The other unsatisifying case is when I'm uneasy with the paper but can't put my finger on why. Typically, I end up writing a bunch of comments which nibble around the edges of the paper, but that isn't really helpful to anyone.
I also tend to be a little unsatisfied when I get to review very good papers, because there isn't much to say. I generally end up wishing for some further extension (and commenting that it is unfair to ask for it), but beyond that what can you say? If the paper is truly good, you really don't have much to do. A good paper once inflicted a most cruel case of writer's block on me -- it was an early paper reporting a large (in those days) human DNA sequence, I we were invited to write a News & Views on it -- and I couldn't come up with anything satisfying and missed the opportunity.
That leaves the most satisfying reviews -- when a paper is quite bad. This isn't meant to be cruel, but these are the papers you can really dig into. In most cases, there is a core of something interesting, but often either the paper is horridly organized and/or there are gaping holes in it. It can be fun to take someone's manuscript, figure out how you would rearrange & re-plan it, and then write out a description of that. I try to avoid going into copy editor mode, but some manuscripts are so error-ridden it's impossible to resist. Would it really be helpful to the author if I didn't? One subject I do try to be sensitive to is the issue of authors being stuck writing in English when it is not their first language -- given that I can hardly read any other language (a fact plain and simple; I'm not proud of it) it would be unfair of me to demand Strunk&White prose. But, it is critical that the paper actually be understandable. One recent paper used a word repeatedly in a manner that made no sense to me -- presumably this was a regionalism of the authors'.
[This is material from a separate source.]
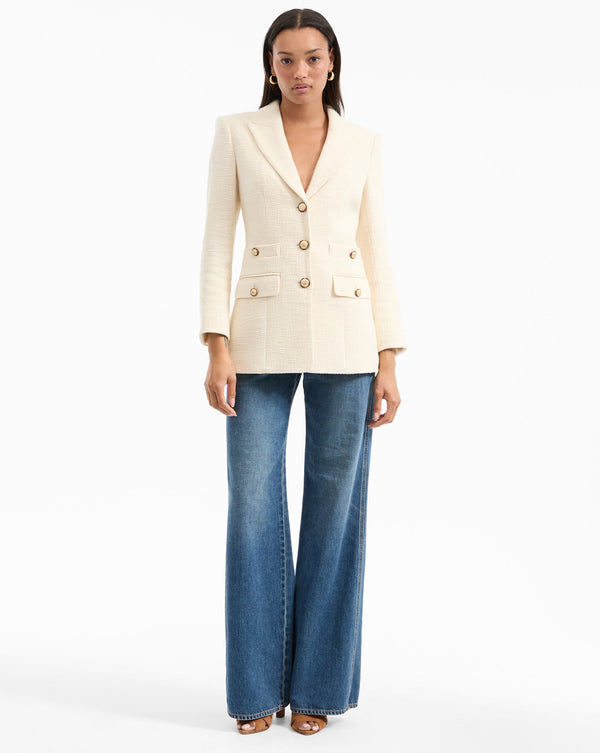 Terre Cotton Dickey Jacket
I once reviewed a complete mess of a paper and ended up writing a manuscript-length review of it. In my mind, I constructed a scenario of a very junior student, perhaps even an undergraduate, who had eagerly done a lot of work with very little (or very poor) supervision from a faculty member. The paper was poorly organized as it was, and many of the key analyses had either been badly done or not done at all. Still, I didn't want to squash that enthusiasm and so I wrote that long report. I don't know if they ever rewrote it.
I can get very focused on the details. Visualization is important to me, so I will hammer on graphs that don't fit my Tufte-ean tastes or poorly written figure legends. Missing supplemental material (or non-functioning websites, for the NAR website issue) send my blood pressure skyrocketing.
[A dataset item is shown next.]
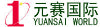 Logo of YUANSAI WORLD with a red and white design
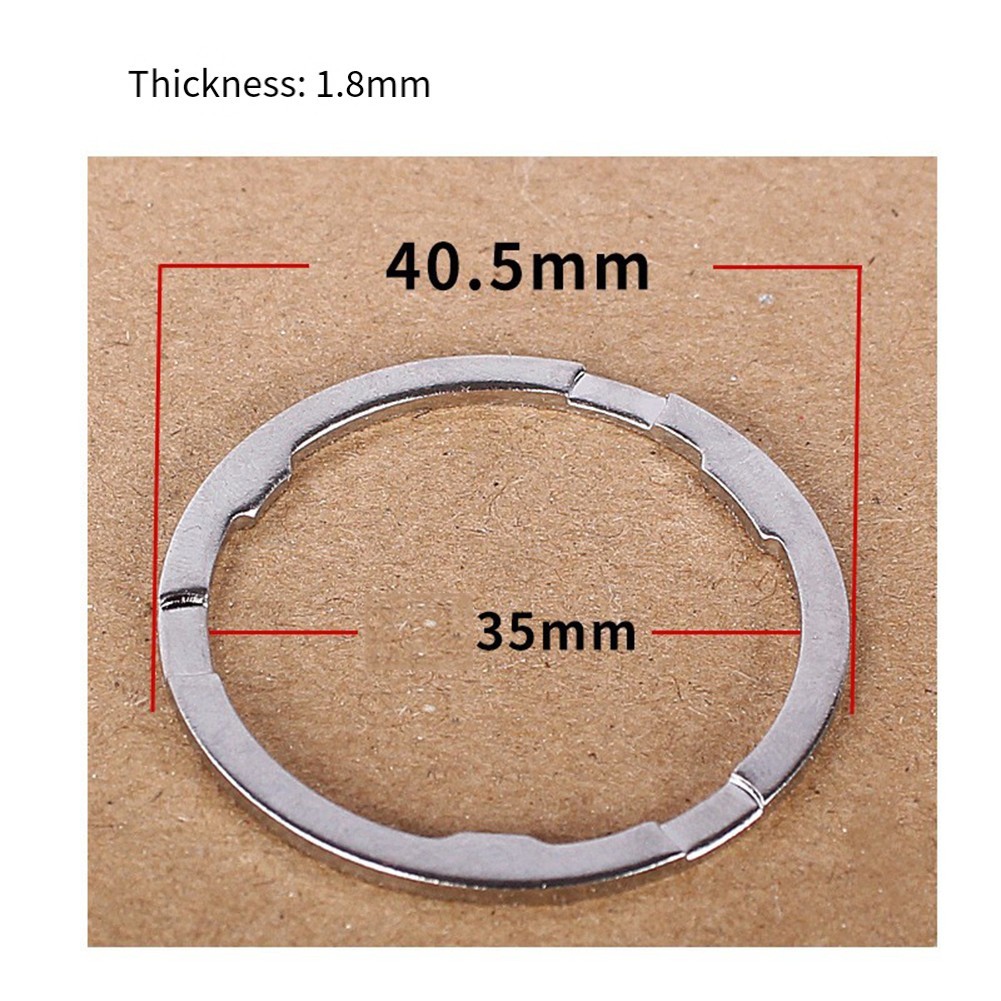 Bike Washer Bike Cassette Lockring Chromium Plating Treatment Bike Assembly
I wouldn't want to edit manuscripts full time, but I wouldn't mind a slightly heavier load. So if you are an author or an editor, I reiterate that I'm willing to review papers on computational biology, synthetic biology, genomics and similar. I'd love to review more papers on the sorts of topics I work on now -- such as cancer genomics -- than the overhang from my distant past -- a lot of review requests are based on my Ph.D. thesis work!